Past Medical History:
Document any existing cardiac conditions (ischemic heart disease, heart failure, arrhythmias, valvular heart disease)
Other relevant medical history (diabetes, chronic obstructive pulmonary disease [COPD], chronic kidney disease [CKD])
Risk Factors:
Identify risk factors for perioperative cardiac complications using a validated scoring system (e.g., Revised Cardiac Risk Index [RCRI]).
Consider additional risk factors like advanced age, emergency surgery, and poor functional status.
Medications: List current medications, including cardiovascular medications.
II. Cardiac Evaluation
Physical Exam: Document any abnormal cardiovascular findings (e.g., murmurs, S3 gallop).
Investigations (ordered based on risk stratification):
Electrocardiogram (ECG) – to assess for arrhythmias or prior myocardial infarction.
Chest X-ray – to evaluate for pulmonary congestion suggestive of heart failure.
Additional tests may be considered in high-risk patients:
Echocardiogram – to assess cardiac function and valvular structure.
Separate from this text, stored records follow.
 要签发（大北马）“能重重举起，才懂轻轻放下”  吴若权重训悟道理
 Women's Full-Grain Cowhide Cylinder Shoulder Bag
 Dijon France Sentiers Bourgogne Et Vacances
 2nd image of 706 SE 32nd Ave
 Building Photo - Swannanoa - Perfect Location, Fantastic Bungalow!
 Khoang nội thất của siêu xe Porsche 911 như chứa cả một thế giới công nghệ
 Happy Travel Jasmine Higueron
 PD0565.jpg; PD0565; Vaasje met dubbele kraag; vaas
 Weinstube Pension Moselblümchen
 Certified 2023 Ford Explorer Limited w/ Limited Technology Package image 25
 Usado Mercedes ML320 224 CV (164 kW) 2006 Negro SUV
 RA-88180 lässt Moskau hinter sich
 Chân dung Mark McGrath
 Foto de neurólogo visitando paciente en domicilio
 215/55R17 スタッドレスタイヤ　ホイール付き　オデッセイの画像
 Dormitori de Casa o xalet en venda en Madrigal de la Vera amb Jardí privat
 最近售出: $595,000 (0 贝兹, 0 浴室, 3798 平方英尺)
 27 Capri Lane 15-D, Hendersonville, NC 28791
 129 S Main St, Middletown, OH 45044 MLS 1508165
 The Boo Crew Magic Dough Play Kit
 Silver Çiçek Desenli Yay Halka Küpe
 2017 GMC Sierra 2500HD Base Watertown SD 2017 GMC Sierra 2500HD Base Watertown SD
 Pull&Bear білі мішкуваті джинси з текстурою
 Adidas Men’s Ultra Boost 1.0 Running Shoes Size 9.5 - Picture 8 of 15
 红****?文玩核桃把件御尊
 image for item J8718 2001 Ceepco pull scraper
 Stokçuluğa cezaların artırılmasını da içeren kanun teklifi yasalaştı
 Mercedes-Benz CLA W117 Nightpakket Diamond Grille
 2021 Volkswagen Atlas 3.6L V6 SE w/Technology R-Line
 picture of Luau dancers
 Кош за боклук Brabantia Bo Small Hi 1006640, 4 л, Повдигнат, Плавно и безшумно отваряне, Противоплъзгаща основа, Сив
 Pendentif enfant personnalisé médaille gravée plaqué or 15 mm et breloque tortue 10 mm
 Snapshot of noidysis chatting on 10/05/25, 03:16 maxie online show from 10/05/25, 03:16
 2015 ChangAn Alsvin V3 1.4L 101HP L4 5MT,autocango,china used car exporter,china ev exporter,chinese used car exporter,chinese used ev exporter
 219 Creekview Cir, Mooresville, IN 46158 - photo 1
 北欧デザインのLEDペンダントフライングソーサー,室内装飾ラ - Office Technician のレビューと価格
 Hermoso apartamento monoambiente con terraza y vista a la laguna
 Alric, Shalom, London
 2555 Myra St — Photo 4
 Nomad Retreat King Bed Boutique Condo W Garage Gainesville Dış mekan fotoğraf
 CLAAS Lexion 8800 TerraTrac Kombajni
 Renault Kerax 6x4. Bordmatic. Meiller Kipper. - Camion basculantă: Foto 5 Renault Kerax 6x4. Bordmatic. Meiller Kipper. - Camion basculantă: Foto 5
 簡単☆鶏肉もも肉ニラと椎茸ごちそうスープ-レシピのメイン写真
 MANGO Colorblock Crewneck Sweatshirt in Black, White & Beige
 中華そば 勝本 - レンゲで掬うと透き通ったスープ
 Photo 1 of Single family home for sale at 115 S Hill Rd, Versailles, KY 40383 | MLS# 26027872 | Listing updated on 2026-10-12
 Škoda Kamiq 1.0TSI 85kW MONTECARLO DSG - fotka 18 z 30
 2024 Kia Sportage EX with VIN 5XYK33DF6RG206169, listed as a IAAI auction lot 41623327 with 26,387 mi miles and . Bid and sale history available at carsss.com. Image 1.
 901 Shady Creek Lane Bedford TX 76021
Stress testing – to evaluate for exercise tolerance and potential ischemia.
III. Risk Stratification
Based on the RCRI score and other clinical factors, categorize the patient’s overall cardiac risk for surgery (low, moderate, high).
IV. Perioperative Management Plan
Medical Optimization: Address any pre-existing cardiac conditions to optimize medical management before surgery.
Consider medication adjustments (e.g., beta-blockers, statins).
Communication: Communicate the risk assessment and plan with the surgeon and anesthesia team.
Intraoperative Monitoring: Plan for appropriate monitoring during surgery (ECG, pulse oximetry).
V. Postoperative Management
Monitoring: Closely monitor vital signs and for signs of cardiac complications (chest pain, shortness of breath).
Pain Management: Adequate pain control can improve respiratory function and decrease cardiac workload.
Continuation of Medical Therapy: Continue medications as tolerated unless otherwise directed.
VI. Follow-up
Schedule for follow-up appointment to assess recovery and address any ongoing concerns.
VII. Notes
Document any additional information relevant to the patient’s perioperative cardiac care, such as:
Consultations with cardiologists or other specialists.
Specific discharge instructions regarding medications and activity limitations.
Disclaimer: This information is for educational purposes only and should not be interpreted as medical advice. Please consult with a qualified healthcare professional for the management of patients undergoing non-cardiac surgery.